PHOENIX ‒ Crews are set to begin initial work on the 3-mile stretch at the center of the Loop 202 South Mountain Freeway that will provide a direct link between the West Valley and East Valley.
Construction in the Center segment, which is located between 51st Avenue and 32nd Lane and includes a section passing through the southwestern edge of the South Mountain Park, also will create five multi-use crossings and multiple drainage structures.
Crews have already started creating right-of-way fencing and surveying to identify and tag trees and cactuses in the path of construction that are good candidates for salvage. Over the next few months, hundreds of plants that eventually will be replanted along the freeway will be removed and placed in a temporary nursery.
Beginning this week, crews with heavy equipment will start assessing the condition of soil and rock as well as the depth of groundwater along the freeway alignment. These geotechnical investigations, which occur on every freeway expansion project, allow engineers to plan for pavement, bridges, walls and drainage structures.
This work, which will require building temporary access roads, is scheduled to continue for several months.
Starting as early as May, controlled rock blasting will begin along two ridges on the southwestern edge of the South Mountain Park to break large rock into smaller, more manageable pieces as crews create a path for the freeway.
Periodic traffic restrictions are anticipated on 51st Avenue, Dusty Lane and Ivanhoe Street during Center segment construction.

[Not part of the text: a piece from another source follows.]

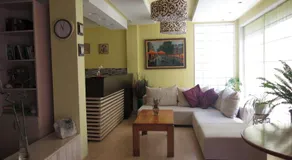 Hotel Lido - Image 2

The largest single highway project in Arizona history, the South Mountain Freeway has been divided into four construction segments:
- I-10 Papago: between the I-10 Papago Freeway interchange at 59th Avenue and Lower Buckeye Road
- Salt River: from Lower Buckeye Road to 51st Avenue near Estrella Drive
- Center: from 51st Avenue to 32nd Lane
- Pecos: between 32nd Lane to the I-10/Loop 202 Santan Freeway interchange along Pecos Road
The South Mountain Freeway will provide a long-planned direct link between the East Valley and West Valley and a much-needed alternative to I-10 through downtown Phoenix. Approved by Maricopa County voters in 1985 and again in 2004 as part of a comprehensive regional transportation plan, the South Mountain Freeway will complete the Loop 202 and Loop 101 freeway system in the Valley.